The Dramatic Reversal of Fortune
In a telling symbol of this shift, the prestigious Kunstmuseum in The Hague now displays three paintings by Moss prominently at the front of its gallery. A strikingly similar piece by Mondrian, the global superstar, is positioned behind a pillar. This is a stark contrast to 1972, when the museum acquired Moss's work specifically to illustrate Mondrian's influence on lesser-known artists.
The art world now widely acknowledges that the influence flowed both ways. A key point of convergence is the use of the 'double line' – parallel lines that add tension and dynamism to geometric compositions. While Mondrian is famed for this technique, evidence suggests a rich artistic dialogue with Moss, who was also experimenting with the concept in the early 1930s.

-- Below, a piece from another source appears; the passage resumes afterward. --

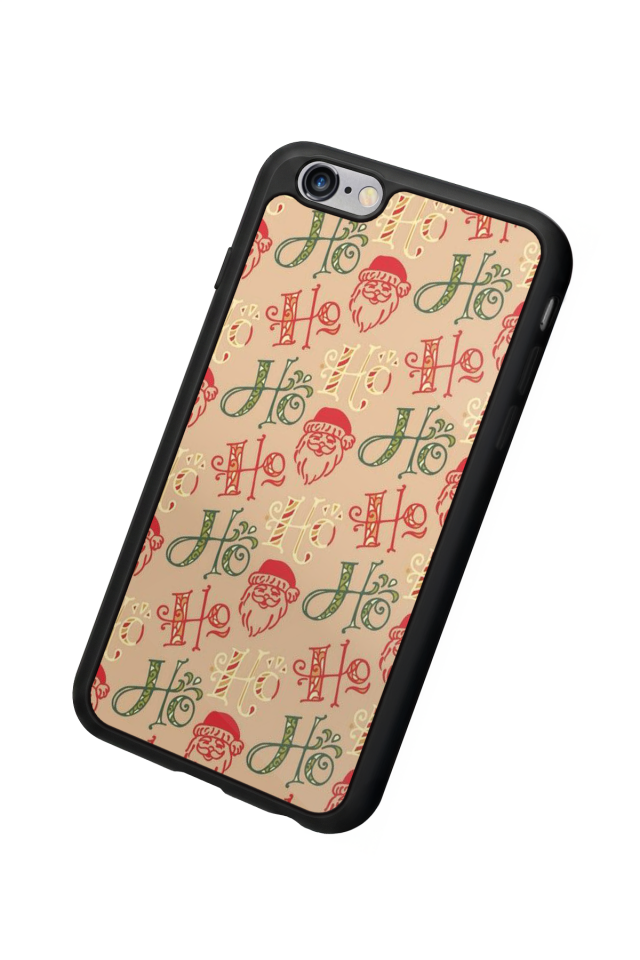 iPhone 6 Plus Uyumlu Yilbasi Christmas Tasarımlı Glossy Premium Kılıf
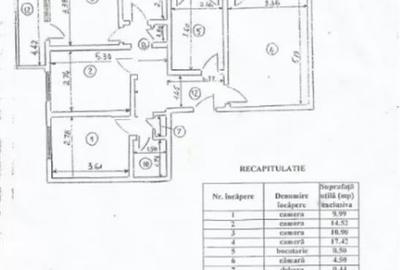 Apartament cu 4 camere decomandat în Apărătorii Patriei - 4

Seven decades after her death in Cornwall at age 69, Moss is enjoying a major revival. Her 1944 painting White, Black, Blue and Red sold for £609,000 at Sotheby's London in 2023, doubling its estimate. Major exhibitions are now showcasing her legacy: her paintings and sketches are on view at the Kunstmuseum Den Haag until 10 May, and her sculptures will be featured at Berlin's Georg Kolbe Museum from 2 April.

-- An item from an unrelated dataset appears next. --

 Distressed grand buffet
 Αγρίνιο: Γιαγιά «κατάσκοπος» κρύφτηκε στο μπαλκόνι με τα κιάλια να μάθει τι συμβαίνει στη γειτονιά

A Pioneering Life and Artistic Dialogue
Born Marjorie Jewel Moss in London in 1889, she later adopted the gender-neutral name Marlow. In the late 1920s, she moved to Paris, becoming part of the avant-garde Abstraction-Création group. It was there she met Mondrian, introduced by her partner, the Dutch writer Netty Nijhoff. Moss and Nijhoff were a distinctive pair, often seen in men's suits and hats in Parisian cafes.
Art historian Florette Dijkstra, author of a new Moss biography, notes that Mondrian was deeply impressed by Moss's experimentation. "He was impressed by her experimentation with the ingredients of 'neoplasticism'... and her use of the 'double line'," Dijkstra explains. Mondrian, intrigued, even wrote to Moss to enquire about her conceptual approach to the double line, which she saw as a way to avoid the "conclusion and restriction" of a single-line grid.
Clairie Hondtong, curator of The Hague exhibition, emphasises a move away from simplistic narratives of theft. "We're moving away from the 'Who did it first?' narrative, focusing instead on the interchange of knowledge," she says. The exhibition allows visitors to compare Moss's 1932 work White, Black, Red and Grey with Mondrian's 1937 Composition of Lines and Colour.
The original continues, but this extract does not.